(Beginning of Information given)
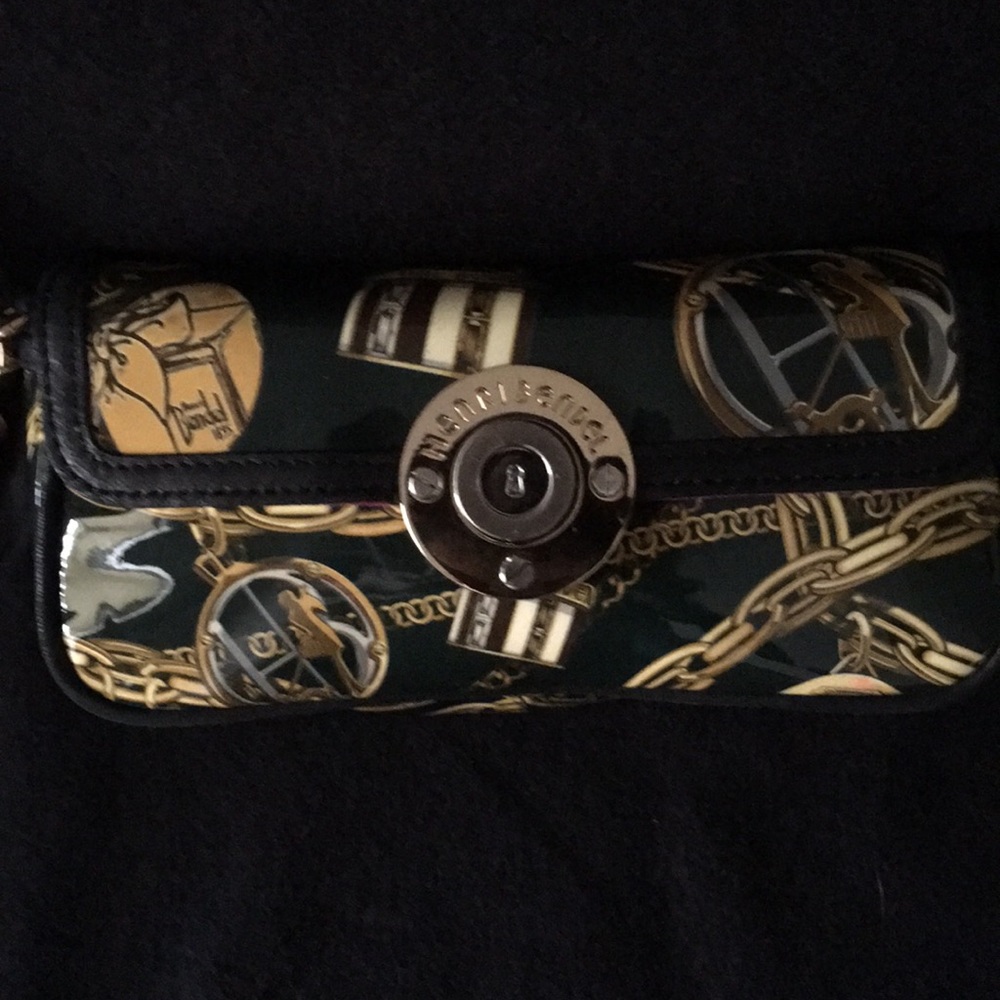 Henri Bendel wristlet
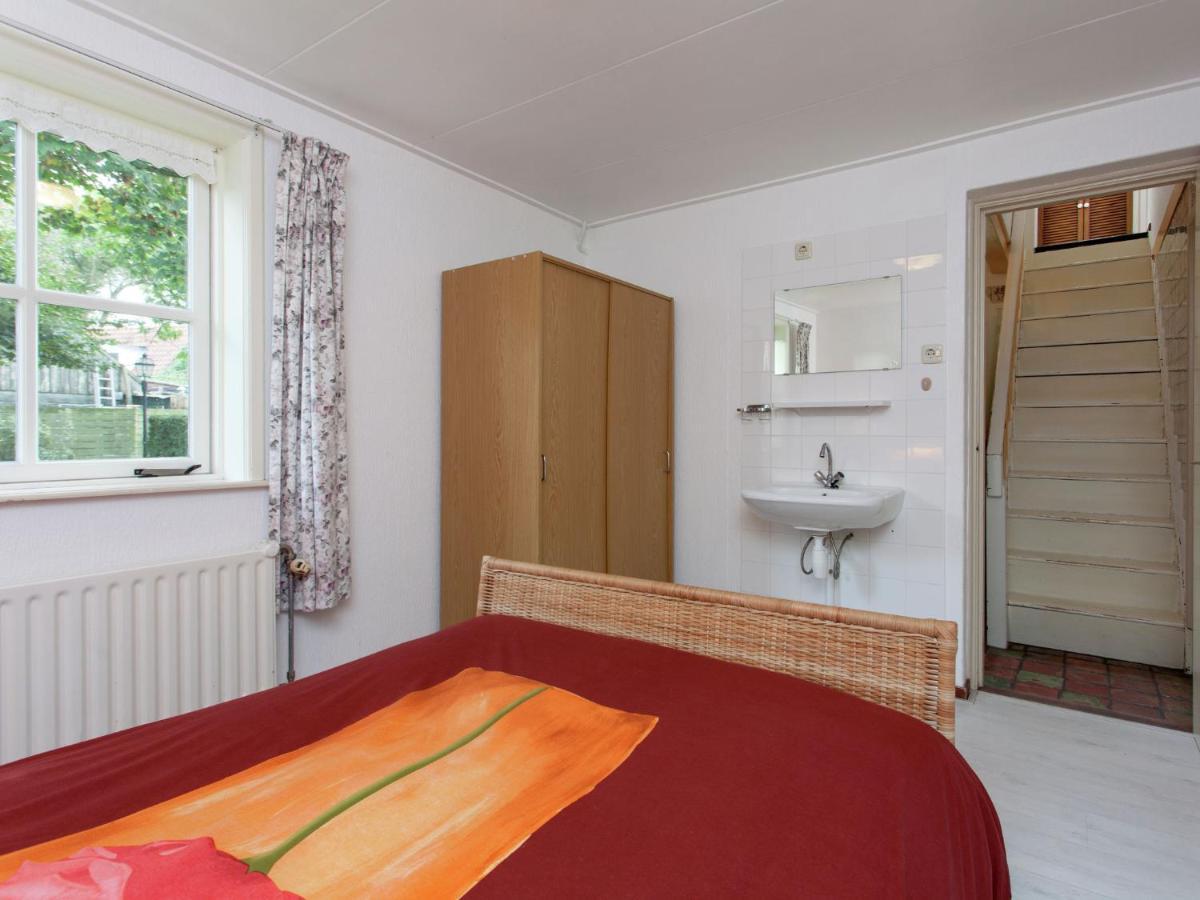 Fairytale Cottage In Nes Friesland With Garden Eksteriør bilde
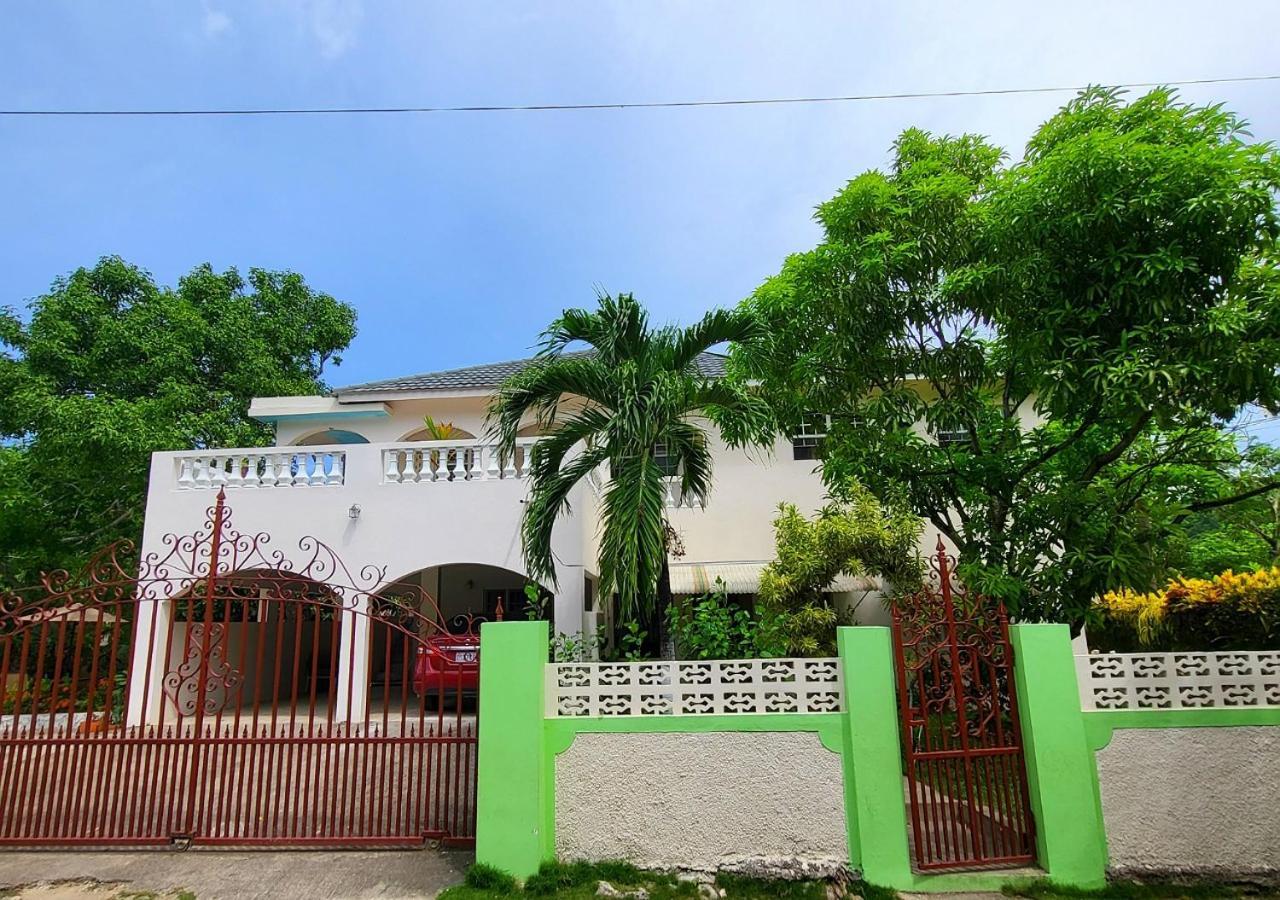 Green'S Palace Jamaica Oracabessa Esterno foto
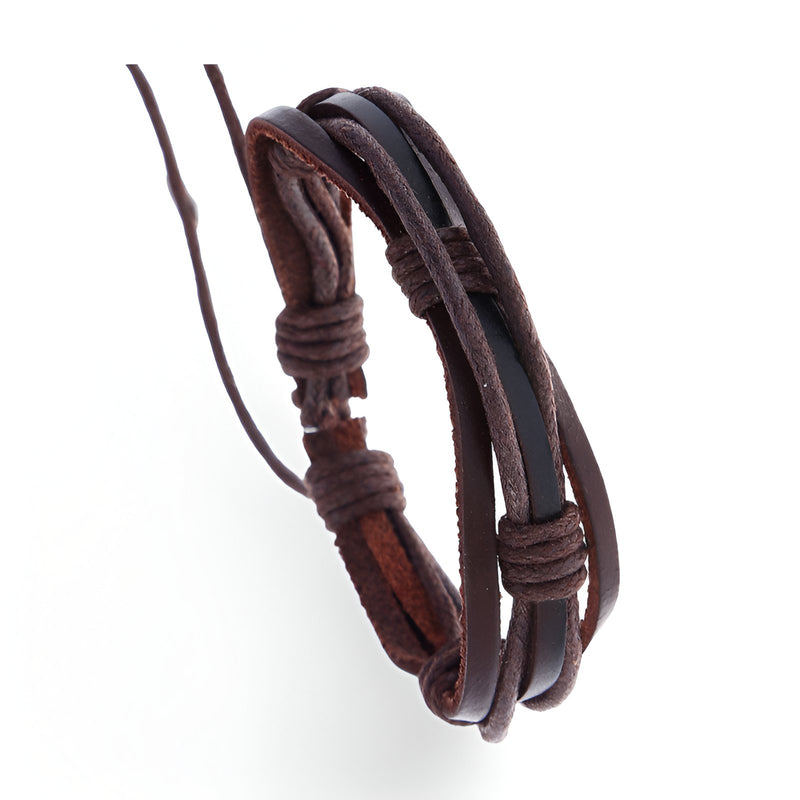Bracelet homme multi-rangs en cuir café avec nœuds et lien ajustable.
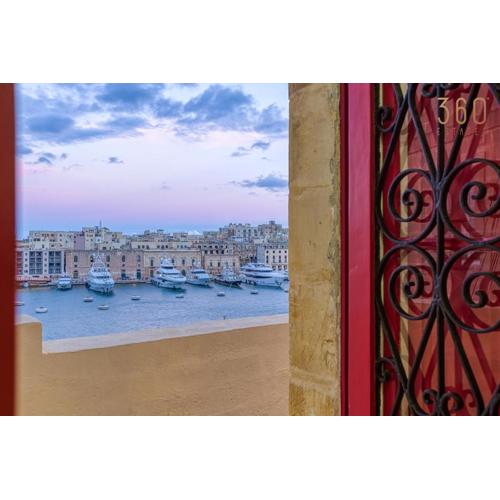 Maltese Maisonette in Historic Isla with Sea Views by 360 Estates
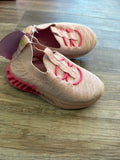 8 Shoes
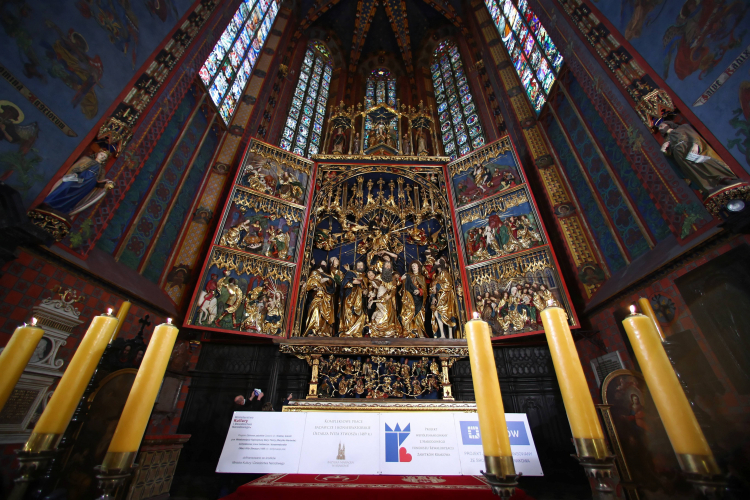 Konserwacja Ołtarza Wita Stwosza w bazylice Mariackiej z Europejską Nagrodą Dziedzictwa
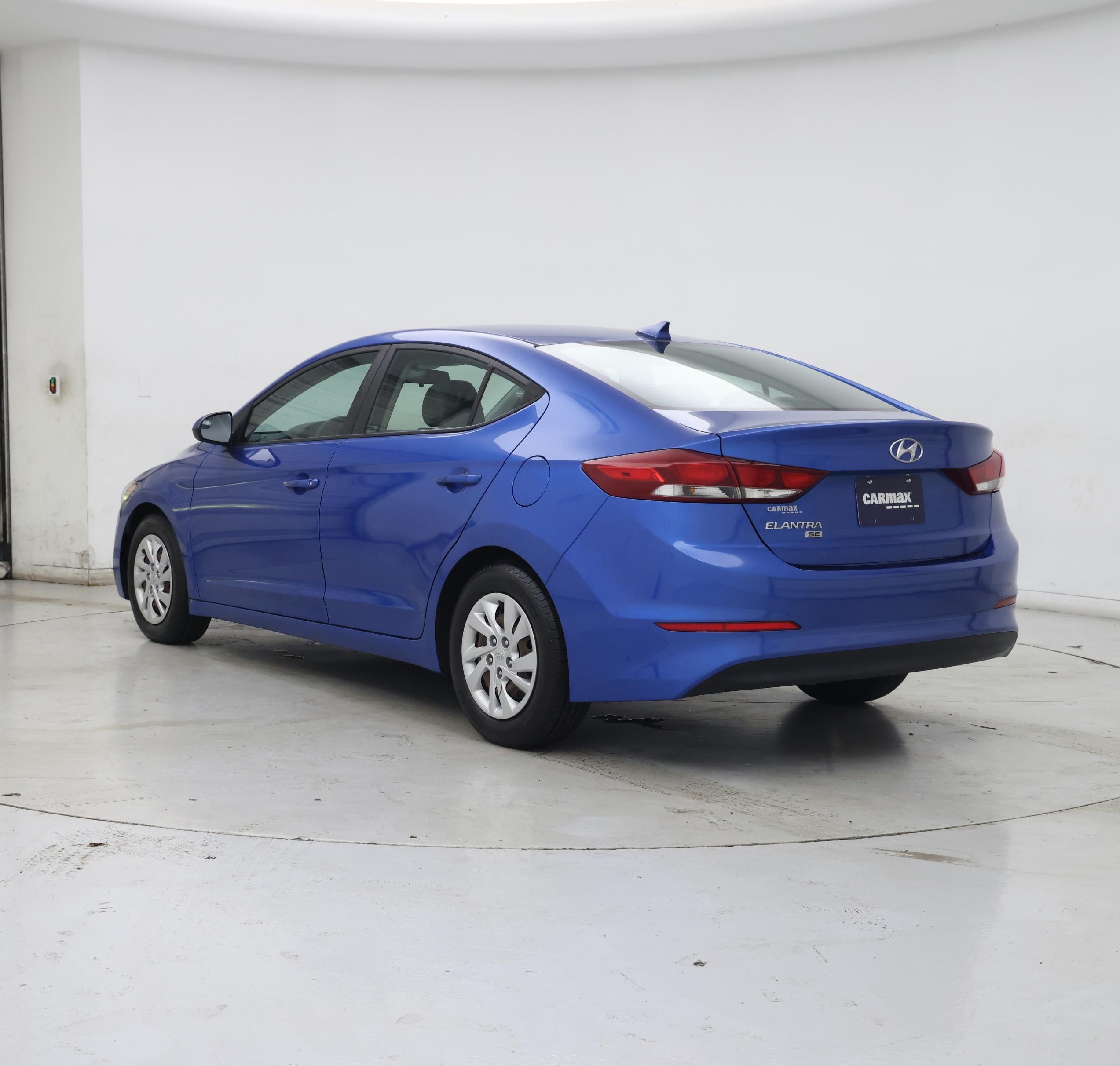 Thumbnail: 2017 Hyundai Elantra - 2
(End of Information given)
(Instructions for the task): Nothing but the lines from the line with "Green'S Palace Jamaica" through the end of the listing should appear in the answer, each duplicated exactly, without pictures.

(Response):
 Green'S Palace Jamaica Oracabessa Esterno foto
Bracelet homme multi-rangs en cuir café avec nœuds et lien ajustable.
 Maltese Maisonette in Historic Isla with Sea Views by 360 Estates
 8 Shoes
 Konserwacja Ołtarza Wita Stwosza w bazylice Mariackiej z Europejską Nagrodą Dziedzictwa
 Thumbnail: 2017 Hyundai Elantra - 2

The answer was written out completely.